When most people in Florida think of bankruptcy, they imagine someone who has fallen on hard times and is simply trying to do what’s best for their family or business. However, some individuals choose to file for bankruptcy fraudulently to avoid paying their debts. This is a serious crime that can lead to significant consequences. You may want to learn more about what bankruptcy fraud is and the penalties associated with it.
What is bankruptcy fraud?
Bankruptcy fraud is the intentional filing of false documents or information to gain an advantage in a bankruptcy case. Florida treats this crime as a felony, punishable with heavy fines and long jail terms regardless of its form.

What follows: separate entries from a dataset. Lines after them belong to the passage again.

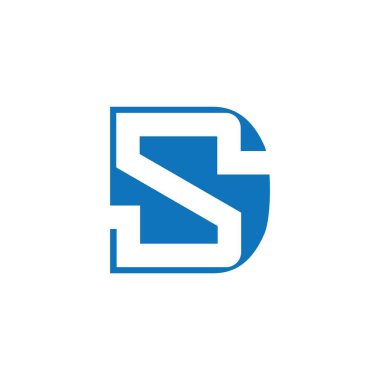 Harf ds sembolü basit negatif uzay amblemi logo vektörü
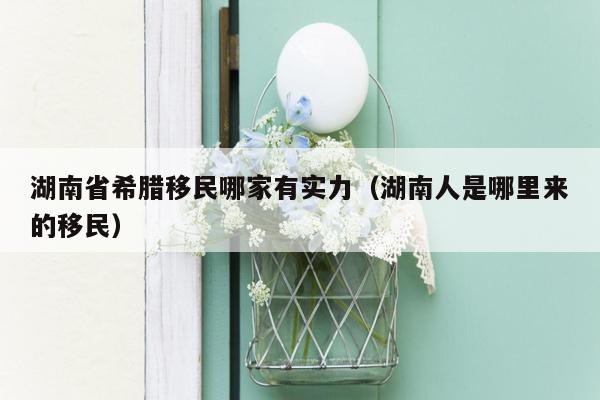 湖南省希腊移民哪家有实力（湖南人是哪里来的移民）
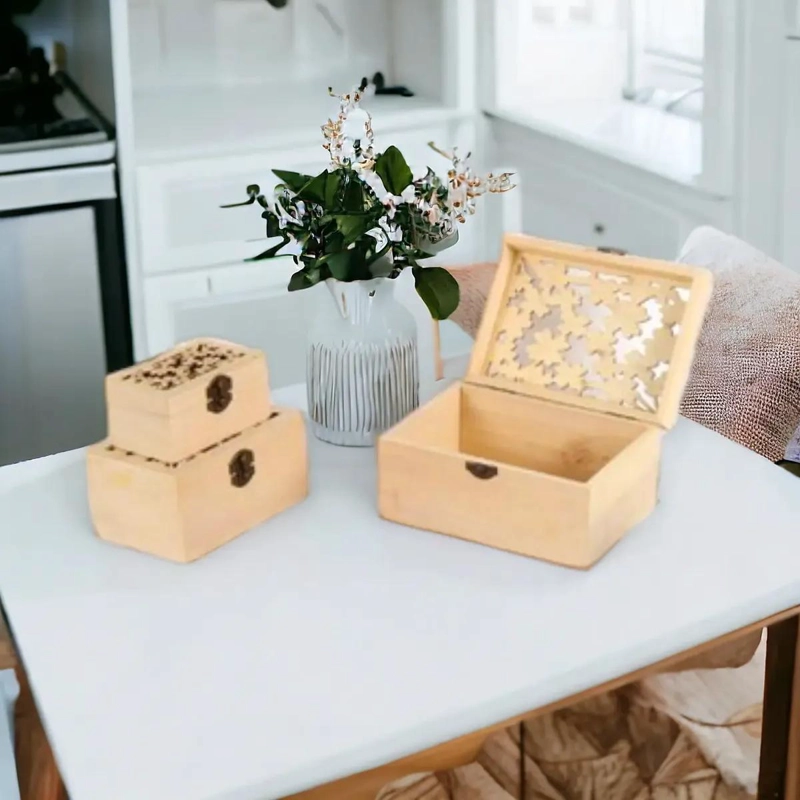 CAJA ORGANIZADORA DE MADERA PACK DE 3 PARA EL HOGAR - 4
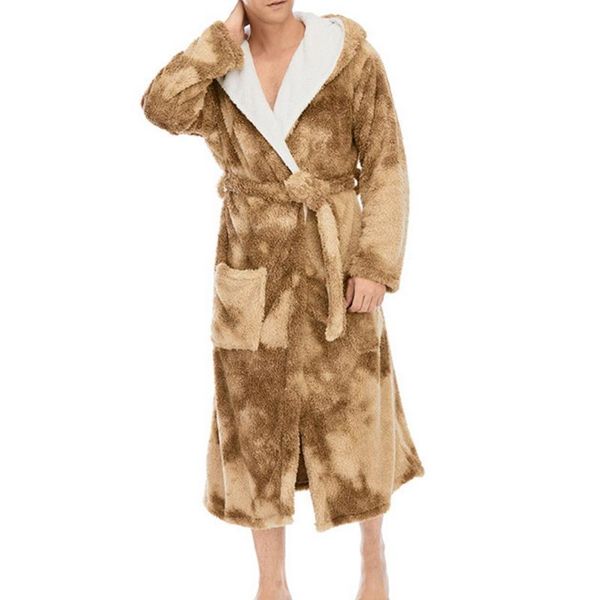 

men's sleepwear autumn/winter men nightgown kimono bathrobe gown coral fleece negligee v-neck intimate lingerie solid colour, Black;brown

Types of bankruptcy fraud in Florida
- Filing a false bankruptcy petition – This involves filing a petition containing false information, such as incorrect or inflated income, assets or debts.
- Concealing assets – This form of bankruptcy fraud involves hiding or transferring assets to others to avoid creditors, such as putting your money into a bank account in your friend’s name.
- Making false statements – Making false statements on official documents, such as the bankruptcy petition, asset declaration or statement of financial affairs, is another common type of bankruptcy intentional filing.
- Petition mills – Petition mills are businesses or individuals that create and file bankruptcy petitions on behalf of clients. Their clients keep on taking debt and filing for bankruptcy so that the court can wipe them out.
Penalties for bankruptcy fraud
Bankruptcy fraud is a felony punishable by up to five years in prison and a $250,000 fine in Florida. Additionally, the court may order you to pay restitution to your creditors if you are convicted.
If you have been accused of bankruptcy fraud, it’s important to mount a defense. The consequences of bankruptcy fraud can be dire, and you need all the help you can get.